Current Reads

This week finds two new non-fiction additions to my regular fiction readings. I have developed an insatiable appetite since rekindling my love the great outdoors and mountains around me. If you yield to that same call, check out Hiking the Big South Fork by Brenda Deaver, Howard Duncan, and Jo Anna Smith or Balancing on Blue by Keith Foskett.

 

Now in its third edition, Hiking the Big South Fork is packed with up-to-date information on the trails of the Big South Fork National River and Recreation Area in Tennessee and Kentucky. The book combines numerous details about the natural history of the area with fascinating tidbits of folklore and legend to provide an interpretive guide to the trails. The authors have walked, measured, and rated every hiking trail, and, for this edition, they include information about trails in the adjoining Pickett State Park and Forest.

The book features detailed maps; checklists of mammals, birds, and wildflowers; and valuable advice on safety, park rules and regulations, and accommodations. The trail descriptions include difficulty ratings, distance and time information, notes on accommodations and special considerations, and detailed mileage indicators to keep hikers informed of their progress and to clarify points of confusion. Also included is a handy chart designed for backpackers who wish to combine trails for longer excursions.

Strollers, hikers, and backpackers looking for a less-crowded alternative to the Great Smoky Mountains National Park will enjoy discovering this beautiful, rugged National Park Service area. Only a ninety-minute drive northwest of Knoxville, the Big South Fork National River and Recreation Area is easily reached in half a day or less from Louisville, Nashville, Chattanooga, and Atlanta.

 

Amazing journeys begin with a single step, but only the determined keep hiking.

Short-listed for Outdoor Book of the Year by The Great Outdoors Magazine

Every year thousands of adventurers attempt to hike all 2,180 miles of the gruelling and unforgiving Appalachian Trail.

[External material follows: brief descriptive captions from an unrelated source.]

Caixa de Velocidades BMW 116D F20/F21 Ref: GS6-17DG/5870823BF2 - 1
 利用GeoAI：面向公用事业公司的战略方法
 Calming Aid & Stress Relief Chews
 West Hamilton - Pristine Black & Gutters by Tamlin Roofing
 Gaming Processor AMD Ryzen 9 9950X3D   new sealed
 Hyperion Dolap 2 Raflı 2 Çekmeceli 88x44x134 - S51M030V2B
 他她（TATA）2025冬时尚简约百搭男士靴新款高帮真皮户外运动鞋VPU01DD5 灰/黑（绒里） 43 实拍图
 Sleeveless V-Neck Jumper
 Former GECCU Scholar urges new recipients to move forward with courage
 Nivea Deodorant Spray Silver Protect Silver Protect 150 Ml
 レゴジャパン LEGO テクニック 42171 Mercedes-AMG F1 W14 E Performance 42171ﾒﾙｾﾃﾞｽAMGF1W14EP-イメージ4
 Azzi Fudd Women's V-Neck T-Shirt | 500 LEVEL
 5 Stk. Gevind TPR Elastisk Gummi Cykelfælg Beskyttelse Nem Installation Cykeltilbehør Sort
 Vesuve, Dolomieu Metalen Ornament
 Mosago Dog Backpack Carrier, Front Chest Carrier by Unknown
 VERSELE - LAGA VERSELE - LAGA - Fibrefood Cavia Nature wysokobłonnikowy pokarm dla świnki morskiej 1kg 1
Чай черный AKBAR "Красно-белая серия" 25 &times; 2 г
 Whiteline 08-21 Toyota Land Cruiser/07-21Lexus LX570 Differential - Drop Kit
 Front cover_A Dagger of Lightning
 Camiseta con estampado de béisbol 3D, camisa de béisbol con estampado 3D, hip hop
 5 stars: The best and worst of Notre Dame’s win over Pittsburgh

Around five months later, beaten and bruised, those who finish are known as thru-hikers.

Keith Foskett weaves a true-life tale that’s as thought-provoking as it is entertaining. Accompanied by an array of eclectic characters – including a world-champion juggler, a drug dealer, and a sex-starved builder from Minnesota – he takes the reader on a compelling adventure that pushes the limits of both endurance and imagination.

During his five months living in the woods, Foskett’s psychological apprehensions are stretched to the limit against the wild elements of nature. By turns humorous and harrowing, his journey allows him to overcome his fears while reflecting on the man he’s meant to be. His adventure weaves a route through some of America’s wildest landscapes and history, and is told with insight, humour and reflection.

Perhaps he too will tame the most renowned long-distance hiking trail in the world, and emerge as a thru-hiker.

Current Reads

While continuing my current fiction reads, I still find myself dipping into the nonfiction waters. This week I have been partaking of Colin Fletcher’s and Chip Rawlins’ The Complete Walker IV. I have read this and it’s earlier version so many times that I have lost count. My love of all things outdoors keeps me coming back time after time.

For the first time since 1984, we have a new edition of the classic book that Field & Stream called “the Hiker’s Bible.” For this version, the celebrated writer and hiker Colin Fletcher has taken on a coauthor, Chip Rawlins, himself an avid outdoorsman and a poet from Wyoming. Together, they have made this fourth edition of The Complete Walker the most informative, entertaining, and thorough version yet.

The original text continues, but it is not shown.